Please note this event occurred in the past.
April 03, 2026 11:00 am - 12:00 pm ET
Seminars,
Mathematics of Machine Learning
LGRT 1685

Abstract

Abstract: 
Estimating the probability of extreme events is an important problem in many scientific and engineering disciplines, as they are often associated with rare system failures or catastrophes. Due to the lack of sufficient data, this is a difficult task, requiring specialized importance sampling or splitting methods. Asymptotically, rare event probabilities can also be estimated with a Laplace approximation, referred to as the second-order reliability method in engineering, or precise large deviation theory in mathematics. The approach involves (i) solving an optimization problem to identify the most likely realization of the random parameter that leads to a prescribed outcome, and (ii) calculating a determinant to account for Gaussian perturbations around the minimizer.

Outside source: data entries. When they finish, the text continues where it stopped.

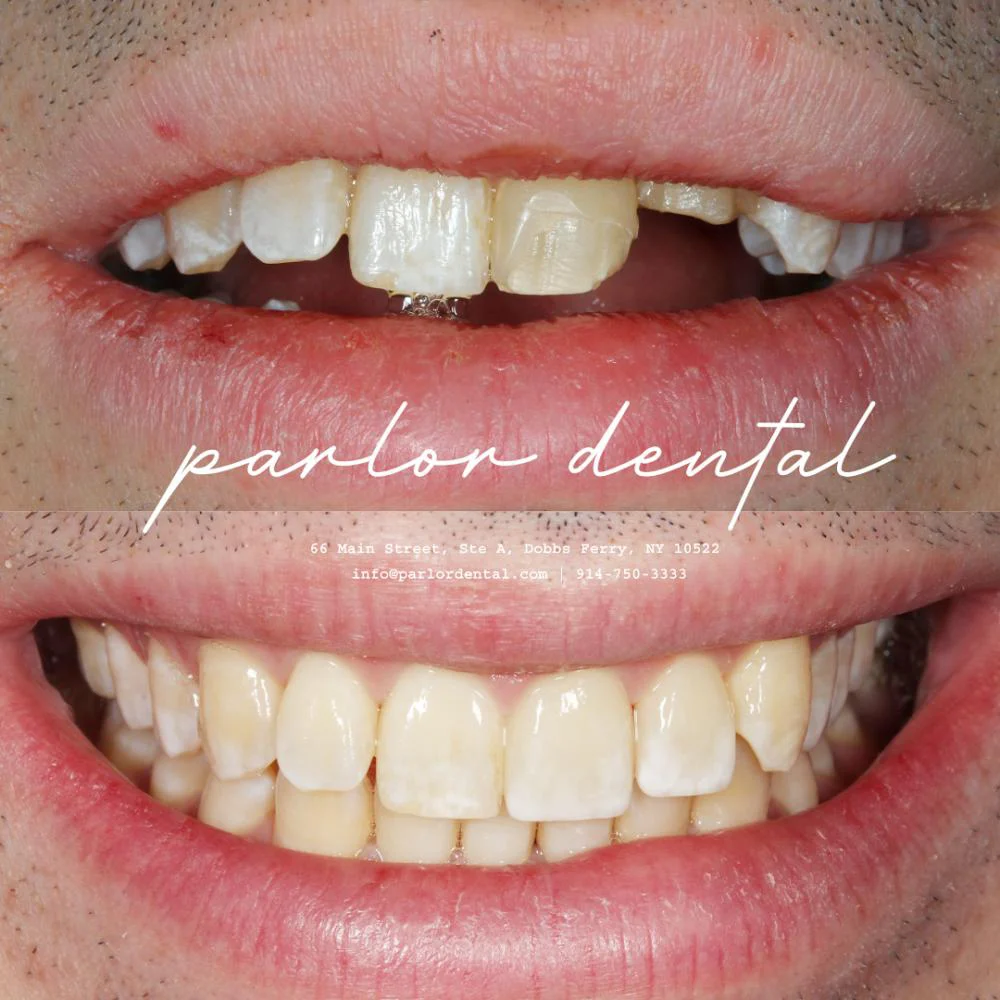 Parlor Dental 10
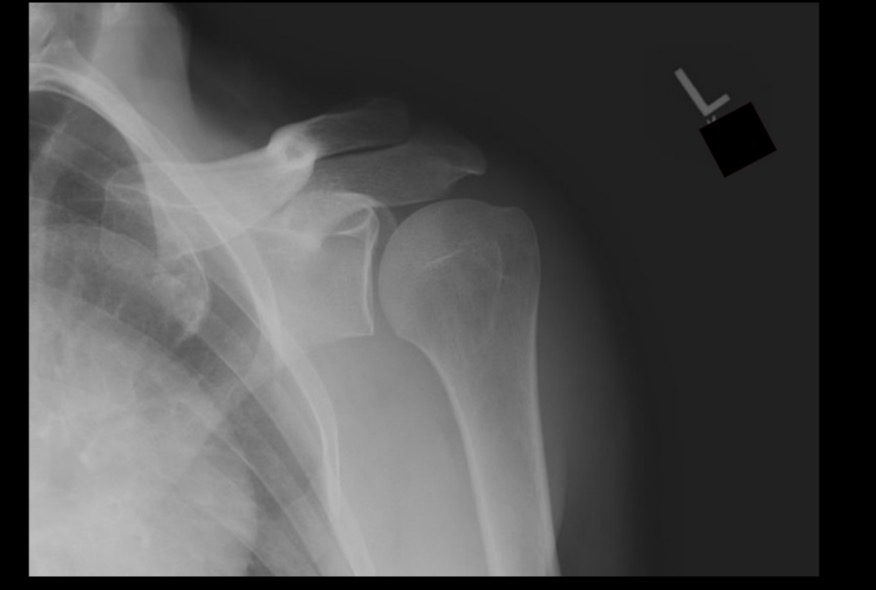 <p>What projection position is this image?</p>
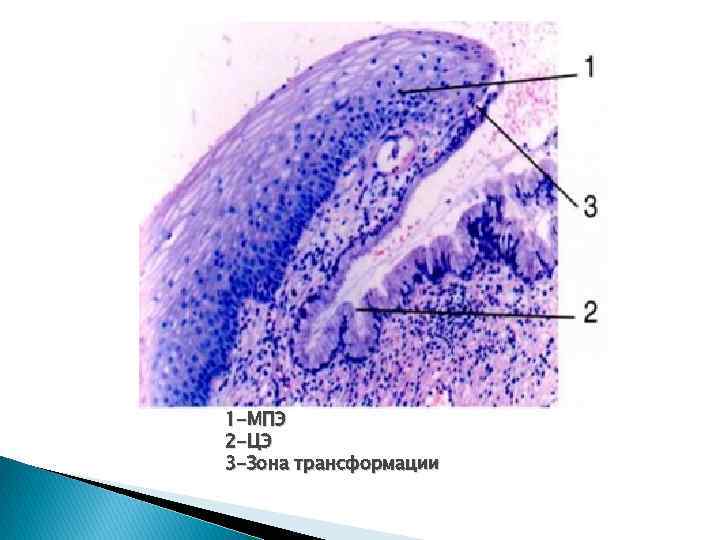 1 -МПЭ 2 -ЦЭ 3 -Зона трансформации 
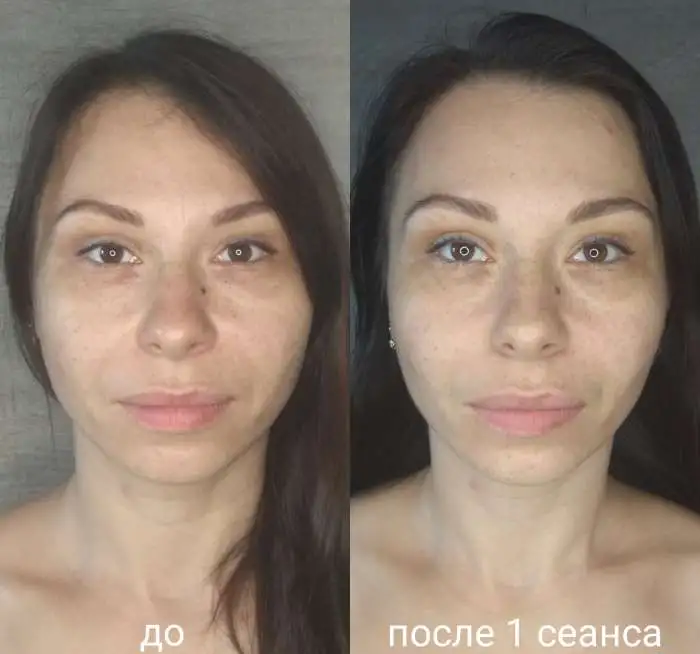 Массаж лица, фотография 5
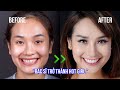 Chỉ dán sứ Veneer thôi, nữ bác sĩ đã trở thành HOT GIRL | White Dental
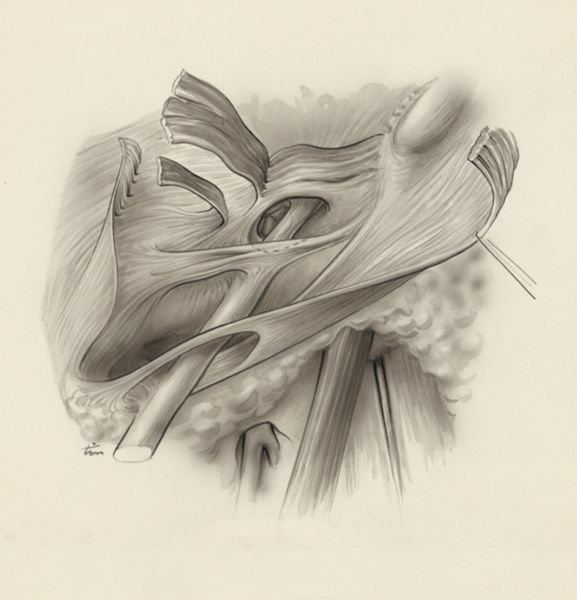 J Tinkelenberg, Cardiovascular system
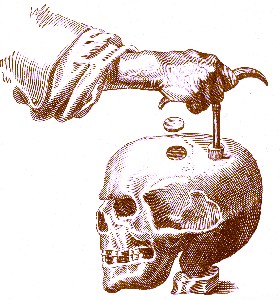 Trepanning a Skull, Woodall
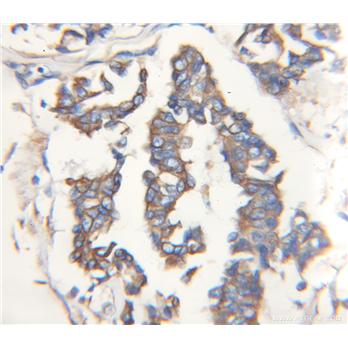STC2 Rabbit Polyclonal Antibody (10314-1-AP)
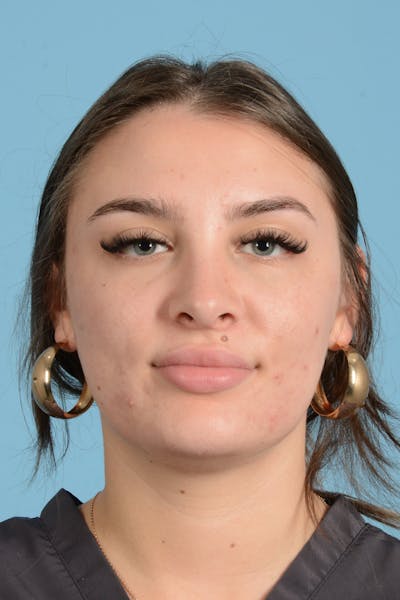 Rhinoplasty Before & After Gallery - Patient 916916 - Image 2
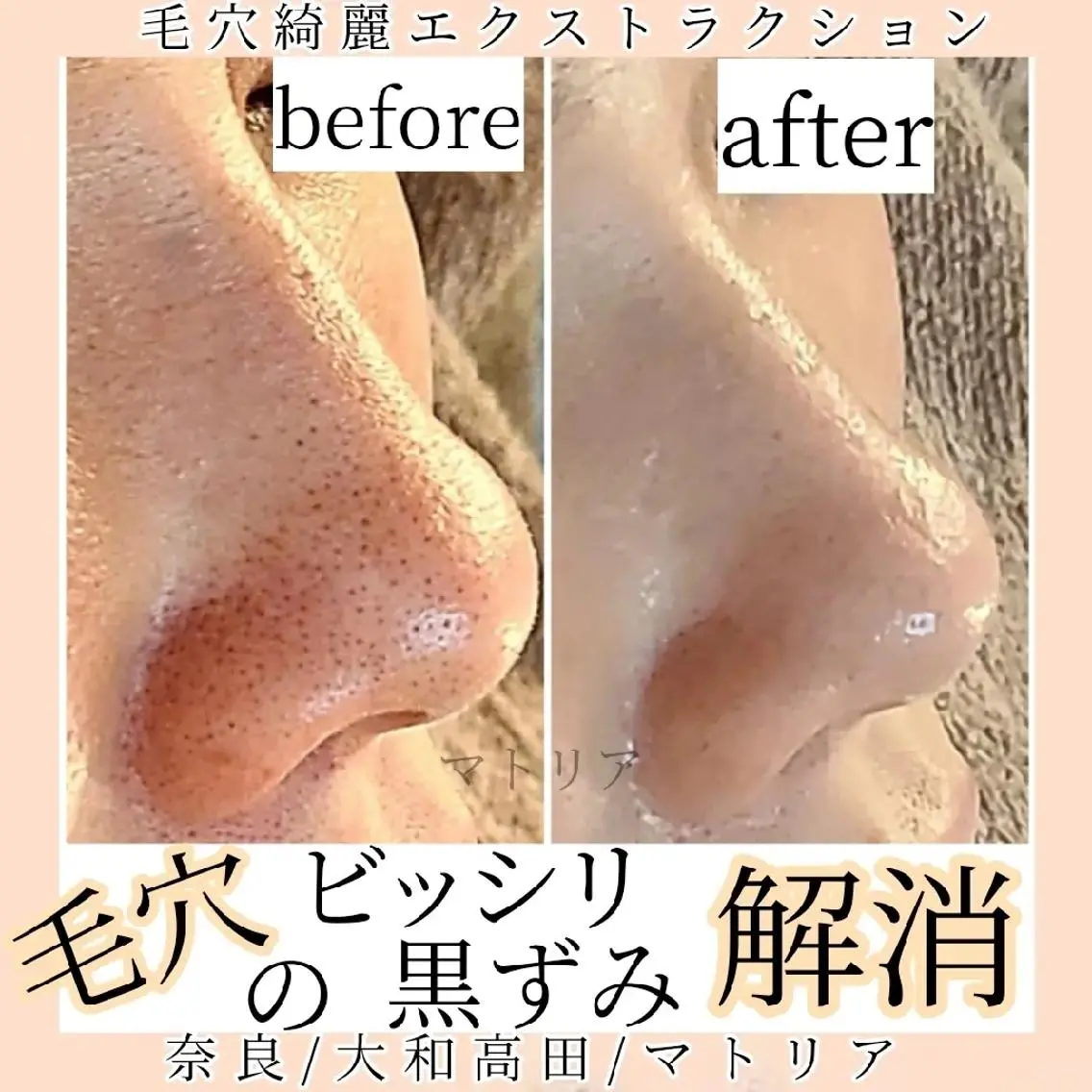 小顔 美肌専門 Matoriaのエステ・リラクイメージ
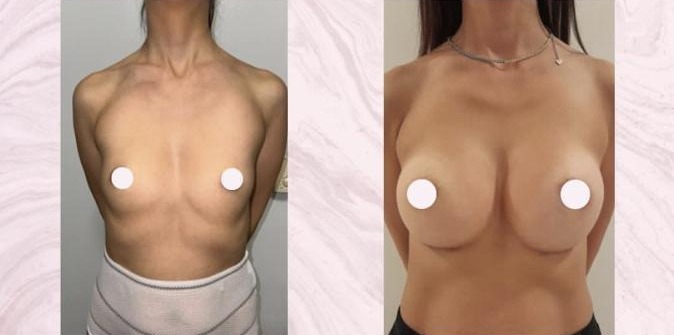 Breast augmentation — Before and after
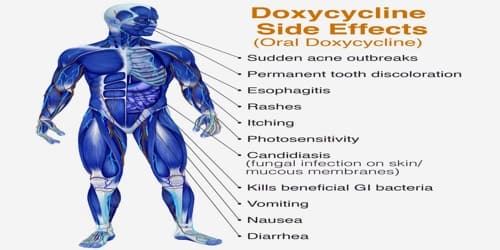Doxycycline (Uses and Effects) - Assignment Point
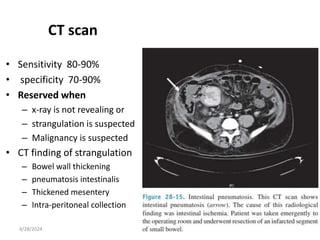 Management of Intestinal Obstruction In Adult.pptx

In this talk, I will discuss how to carry out both of these steps numerically in a scalable way for extreme events in stochastic differential equations (SDEs) with additive or multiplicative Brownian noise. This is an infinite-dimensional problem, with randomness induced by the Brownian motion, and commonly found in many applications. In particular, I will highlight the necessity to treat the determinant calculation in step (ii) correctly from an infinite-dimensional point of view to ensure scalability of the numerical method to high-dimensional state spaces. This leads to either a Fredholm or Carleman-Fredholm determinant computation, depending on whether the second variation of the noise-to-event map is trace-class or only Hilbert-Schmidt.

To illustrate these points, I will consider multiple examples of extreme event estimates for SDEs and stochastic partial differential equations, including the 1D viscous Burgers equation and the incompressible 3D Navier-Stokes equations with random forcing, as well as a 2D random advection-diffusion problem.

The talk is based on joint work with Shanyin Tong, Tobias Grafke, and Georg Stadler, published in Stat. Comput. 33(6), 137 (2023) and arXiv:2502.20114.